Community Services You May Be Eligible For:
- Aging and Adult Services Information and Referral – 1-800-510-2020
- In-Home Supportive Services – 1-415-557-5251
- HSS Public Authority (on-call care/private pay) – 1-415-243-4477
- Elder Care at Home (emergency homecare) – 1-415-677-7595
- San Francisco Paratransit – 1-415-351-7000
- MV transportation (lift vans) – 1-415-468-4300
- Home Delivered Meals – 1-415-648-5592
- Friendship Line for the Elderly – 1-415-752-3778
- Retired Senior Volunteer Program Tele/Friend Program – 1-415-731-3335
If Your Needs Are Not Being Met And You Want To Appeal Your Discharge, Follow These Guidelines:
- If you have MEDICARE (With or without Medi-Cal or other coverage):
- Insist on a written notice.
- Call Lumetra at 1-800-841-1602.
- Call HICAP (Health Insurance Counseling & Advocacy Program) at 1-415-861-4444.
- You may have the right to an expedited appeal.
- For more information call 1-800-Medicare or visit www.medicare.gov
- If you have MEDI-CAL, but NOT Medicare:
- Call Bay Area Legal Aid at 1-415-982-1300.
- For automated information you may call the California Department of Social Services at 1-800-952-5253.
- If you have PRIVATE INSURANCE, but NOT Medicare, call your insurance company or HMO to find out about its rules and what you can do.
(Above “Preparing To Leave The Hospital” section prepared by Planning for Elders Healthcare Action Team, San Francisco Ombudsman Office, HICAP and the Hospital Council of Northern California)
When You Leave the Hospital
Your doctor will complete your discharge order on your chart. Either your doctor or your nurse will discuss your release with you. Be sure to gather all personal belongings and ask your nurse for help if you need assistance with packing.
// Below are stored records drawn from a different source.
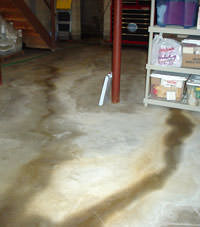 Flooding entering a basement through a floor crack in Corbin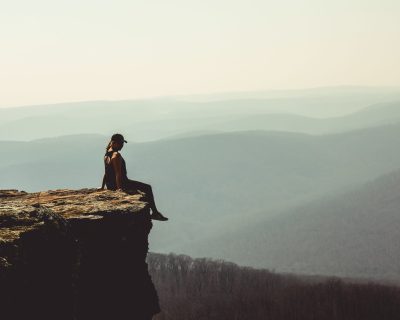 woman-sitting-on-edge-of-rock-formation-1202821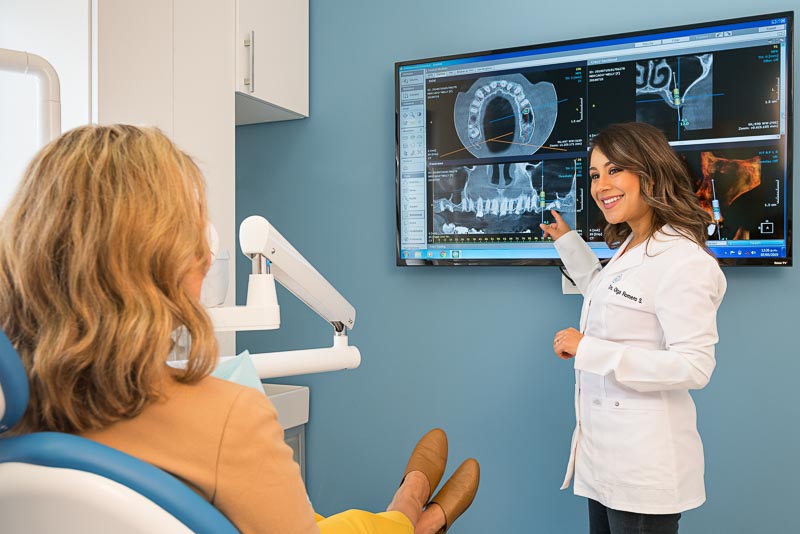 Dr. Olga, dentist in Tijuana at SOTA Dental, speakings with an older female patient. The female patient is sitting in the dental chair and the dentist is pointing to a TV screen with a CT scan.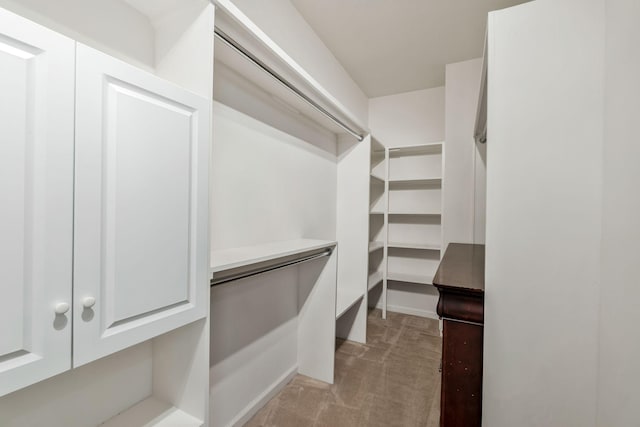 walk in closet featuring light carpet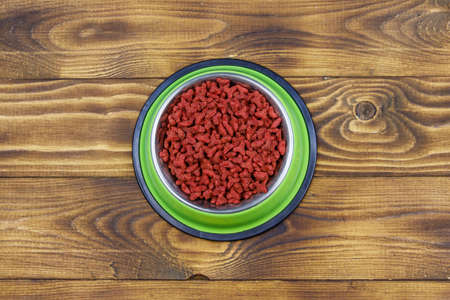 Dry food for cat or dog in bowl on wooden background. Pet food on wood surface. Top viewの写真素材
When you go to the cashier’s office to settle your account, be sure to reclaim any valuables you have stored in the hospital safe. The recommended time for discharge is at or before 11 a.m.
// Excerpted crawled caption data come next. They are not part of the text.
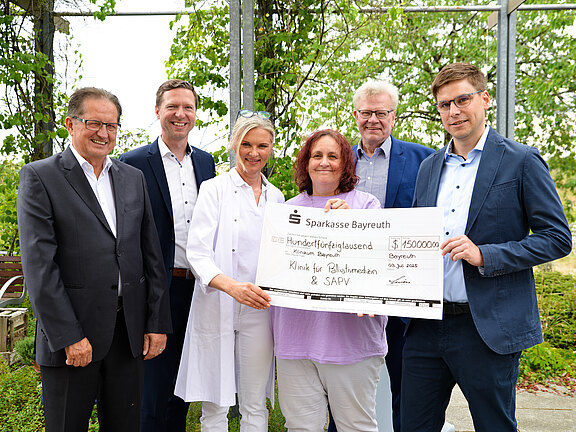 Eine Gruppe von fünf Personen steht im Freien und hält einen großen Scheck der Sparkasse Bayreuth über 150.000 Euro. Der Scheck ist für die Klinik für Palliativmedizin und SAPV bestimmt. Das Datum auf dem Scheck ist der 3. Juli 2023.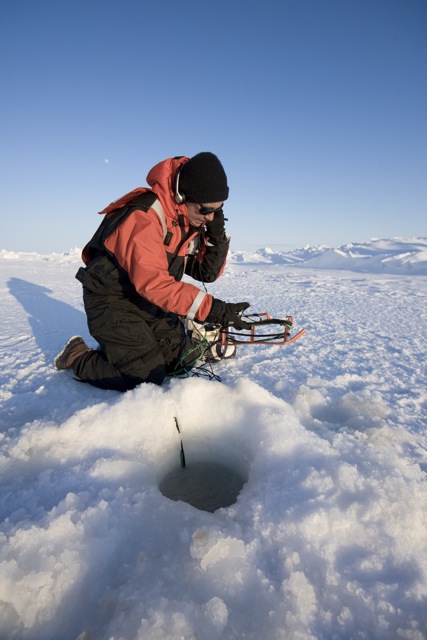 Dr. Sue Moore using a hydrophone to listen for marine mammals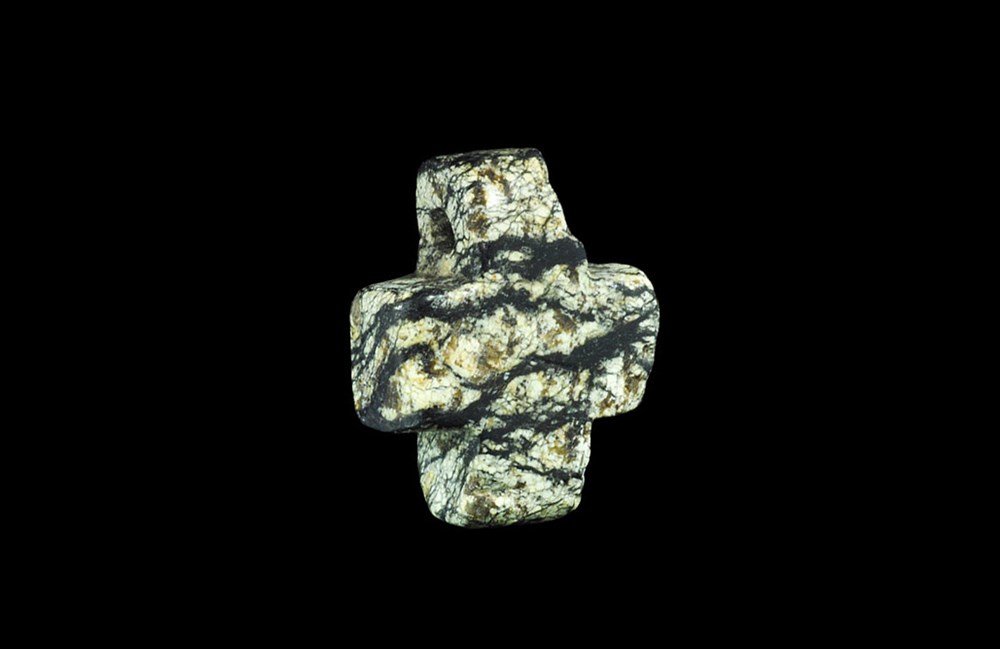 Byzantine Stone Cross Pendant: 5th-9th century AD. A carved equal-armed cross pendant with transverse hole to one arm. 11 grams, 29 mm (1"). Property of a European gentleman living in London; acquired in the UK before 1980. [No Res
Going home is a happy time for you, so remember:
- Have you checked in the closet, bedside furniture and bathroom for personal items?
- Do you need to withdraw personal items deposited for you in the hospital safe?
- Have you received prescriptions from your physician and do you understand the instructions concerning your medication and / or diet, as well as follow-up appointments with your physician?
- Have you discussed any problems or concerns with your nurse?
Your Ride Home
A capable adult needs to be available to provide transportation to your home.
Continuing Your Care
If you need assistance at home after your hospitalization, Chinese Hospital discharge planners can provide you with information about home health care, medical equipment, transportation, Meals-On-Wheels and other community resources. They can assist you with answers regarding Medicare, Medi-Cal, Social Security, State Disability and Workers’ Compensation.